AGGREGATE COMMITMENT   $ 100,000,000  

1

PRICING SCHEDULE

APPLICABLE MARGIN     LEVEL I
STATUS
    LEVEL
II
    LEVEL
III
    LEVEL
IV
    LEVEL
V
    LEVEL
VI
    LEVEL
VII
   
        STATUS   STATUS   STATUS   STATUS   STATUS   STATUS  

Eurodollar Rate   0.32%   0.525%   0.625%   0.725%   0.90%   1.20%   1.50%  

Floating Rate   0.0%   0.0%   0.0%   0.0%   0.0%   0.0%   0.0%  



APPLICABLE FEE RATE     LEVEL I
STATUS
    LEVEL
II
    LEVEL
III
    LEVEL
IV
    LEVEL
V
    LEVEL
VI
    LEVEL
VII
   
        STATUS   STATUS   STATUS   STATUS   STATUS   STATUS  

Facility Fee   0.08%   0.10%   0.125%   0.15%   0.225%   0.30%   0.50%  

Utilization Fee   0.10%   0.125%   0.125%   0.125%   0.125%   0.25%   0.25%  
(when usage   
exceeds 33 1/3%)    

        For the purposes of this Schedule, the following terms have the following meanings, subject to the final paragraph of this Schedule:

        “Level I Status” exists at any date if, on such date, the Borrower’s Moody’s Rating is A1 or better or the Borrower’s S&P Rating is A+ or better.

        “Level II Status” exists at any date if, on such date, (i) the Borrower has not qualified for Level I Status and (ii) the Borrower’s Moody’s Rating is A2 or better or the Borrower’s S&P Rating is A or better.

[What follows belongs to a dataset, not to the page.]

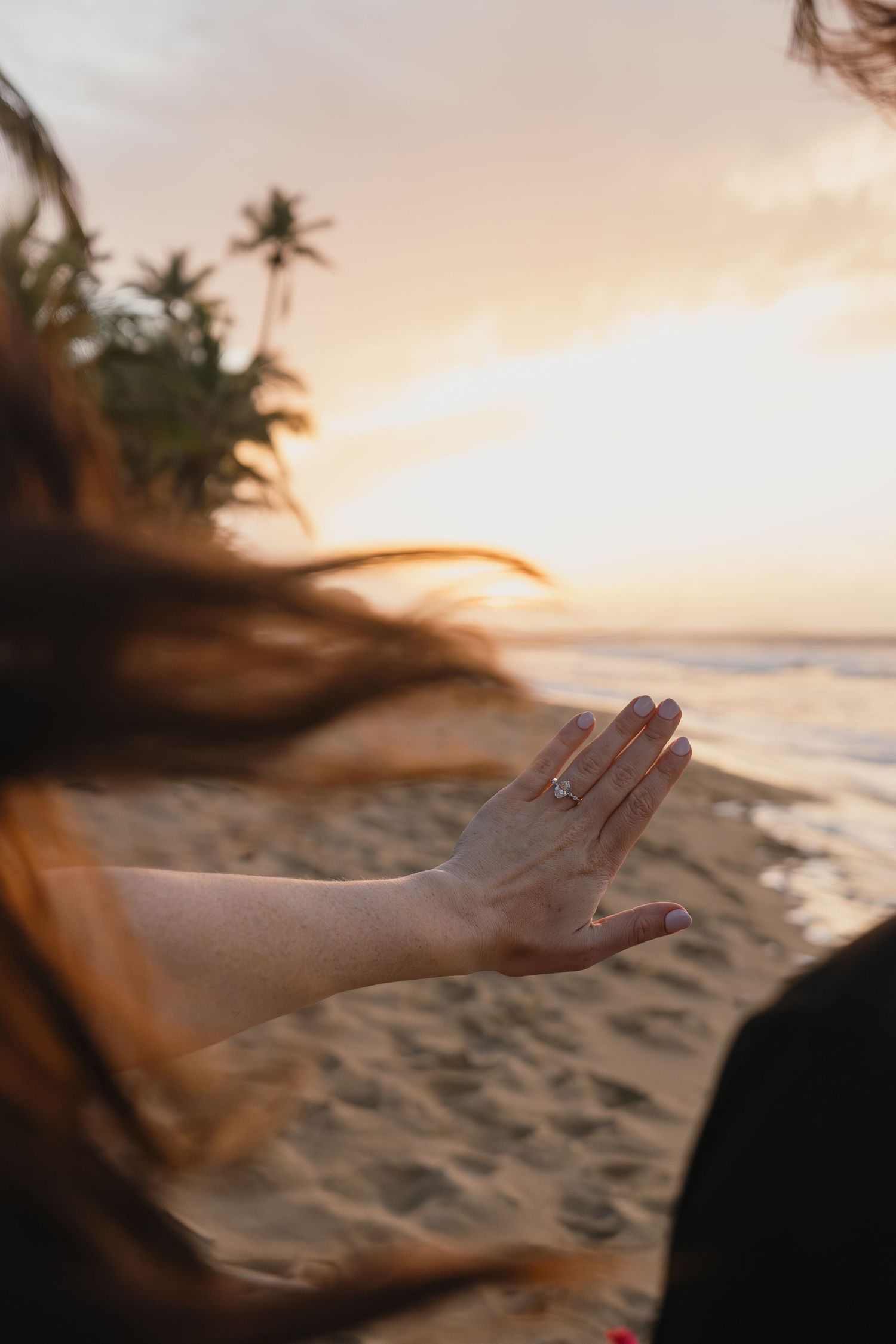 Woman's hand with ring extended on sandy beach at golden sunset with palm trees and ocean waves in background.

        “Level III Status” exists at any date if, on such date, (i) the Borrower has not qualified for Level I Status or Level II Status and (ii) the Borrower’s Moody’s Rating is A3 or better or the Borrower’s S&P Rating is A- or better.

        “Level IV Status” exists at any date if, on such date, (i) the Borrower has not qualified for Level I Status, Level II Status or Level III Status and (ii) the Borrower’s Moody’s Rating is Baa1 or better or the Borrower’s S&P Rating is BBB+ or better.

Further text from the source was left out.